_What you have to do_
Return the listing exactly, please; no pictures.

_Data listing_
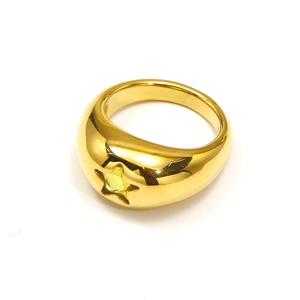 Close-up of wide gold-plated ring with inset yellow star-shaped faceted gemstone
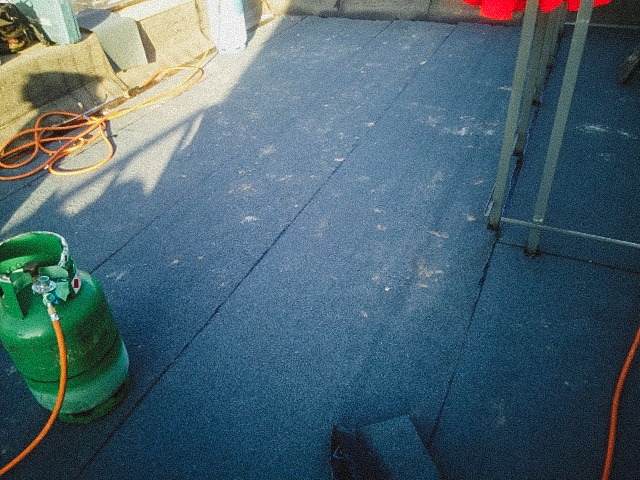 Zbliżenie na papę termozgrzewalną na dachu z widoczną butlą gazową i palnikiem dekarskim w trakcie pracy.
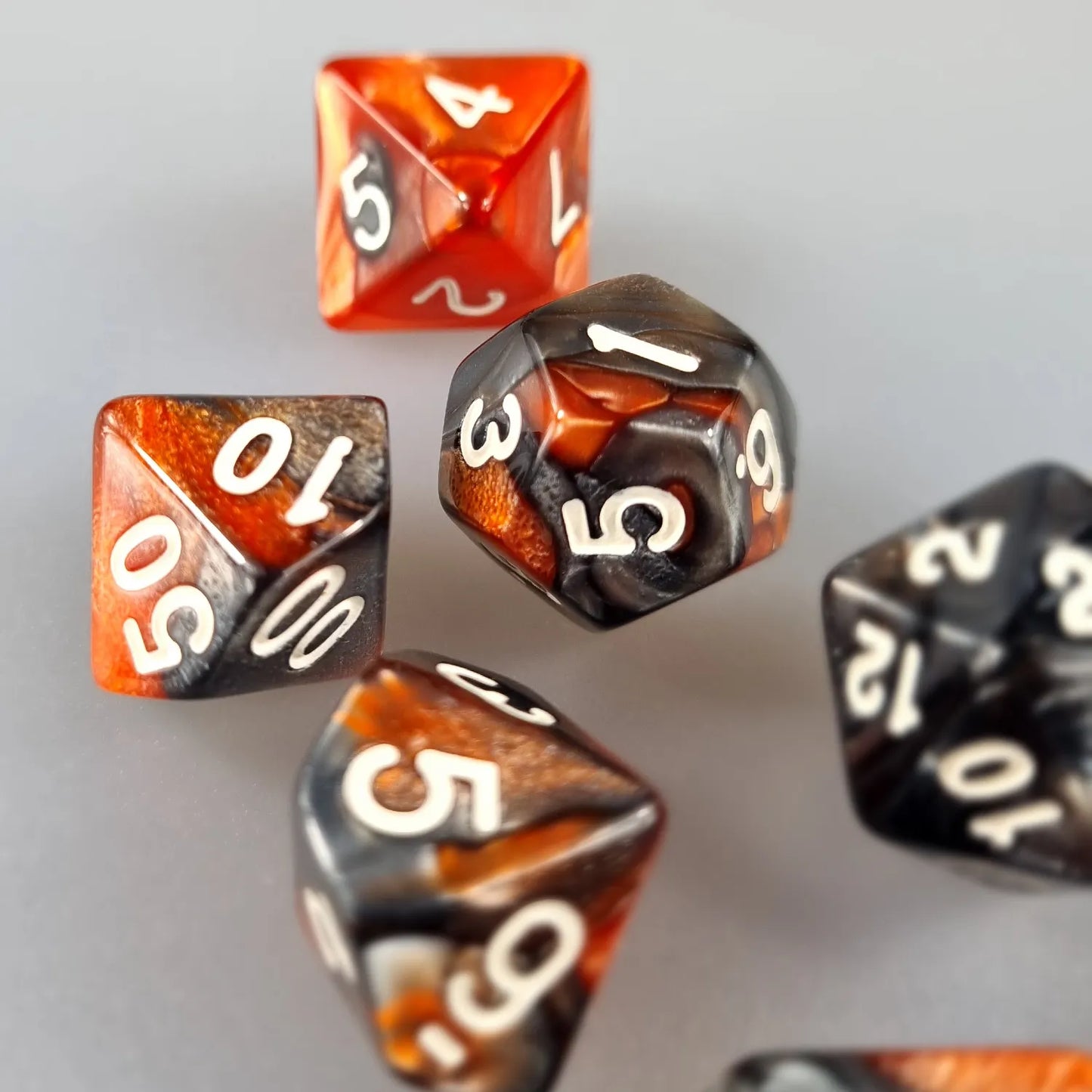 Orange & Black Dual Swirl Dungeons & Dragons Dice Set DiceBag.co.uk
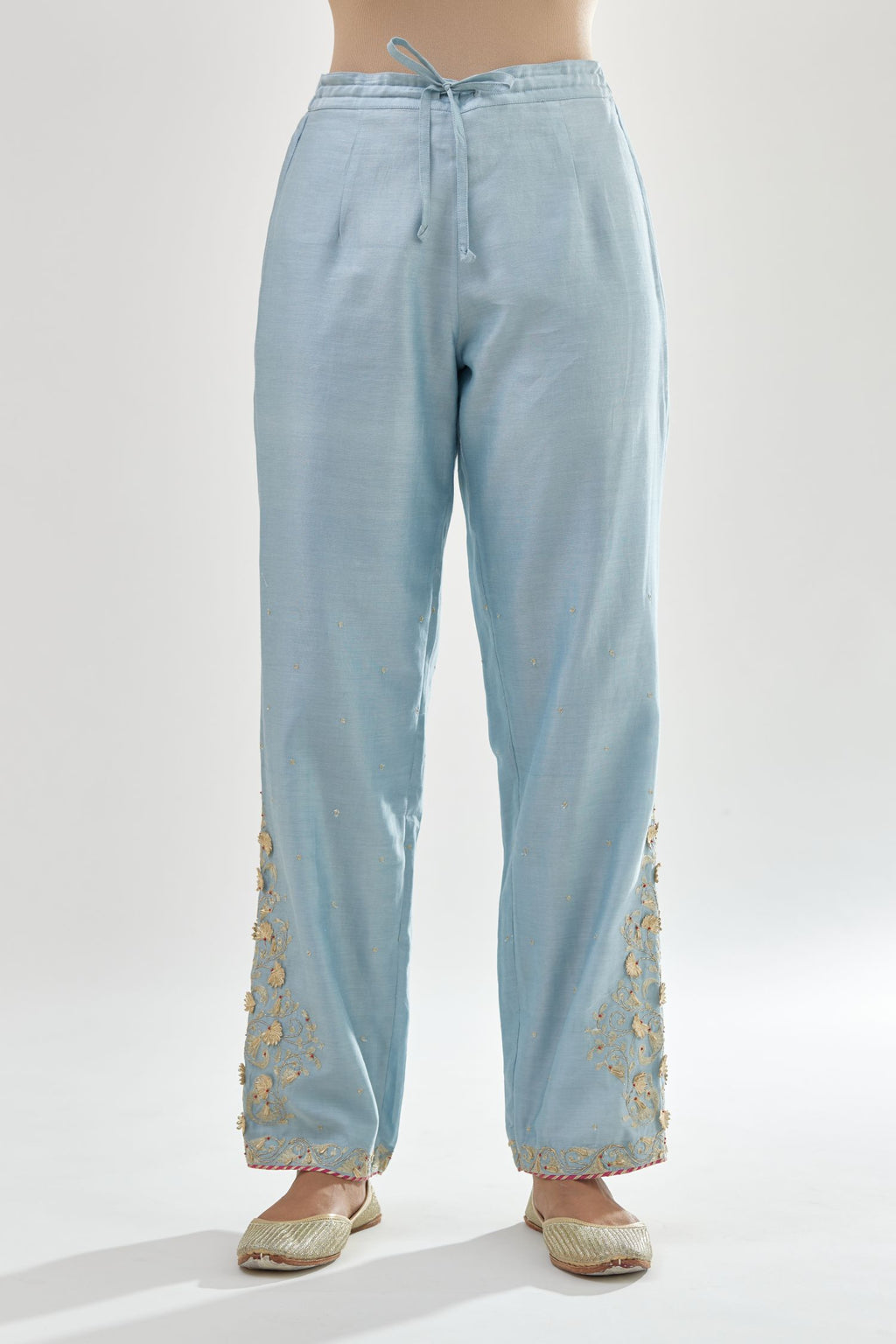 Blue silk chanderi straight pants, hem is detailed with zari, dori and gota embroidered boota at sides.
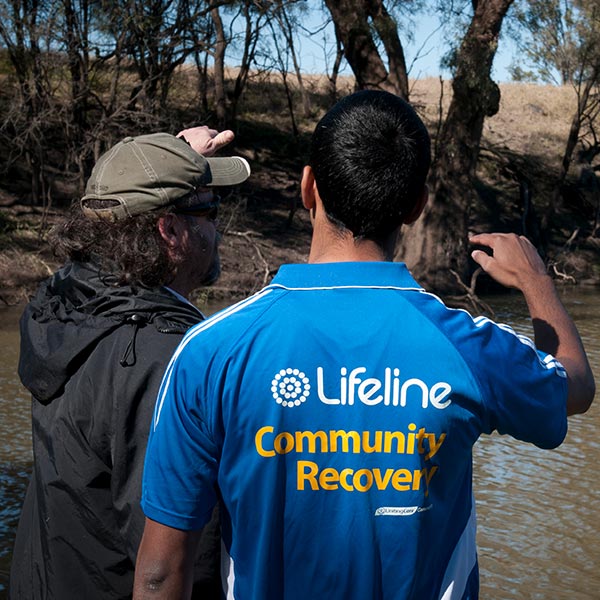 A lifeline community recovery worker and a man at a river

_Answer section_
 Close-up of wide gold-plated ring with inset yellow star-shaped faceted gemstone
 Zbliżenie na papę termozgrzewalną na dachu z widoczną butlą gazową i palnikiem dekarskim w trakcie pracy.
 Orange & Black Dual Swirl Dungeons & Dragons Dice Set DiceBag.co.uk
 Blue silk chanderi straight pants, hem is detailed with zari, dori and gota embroidered boota at sides.
 A lifeline community recovery worker and a man at a river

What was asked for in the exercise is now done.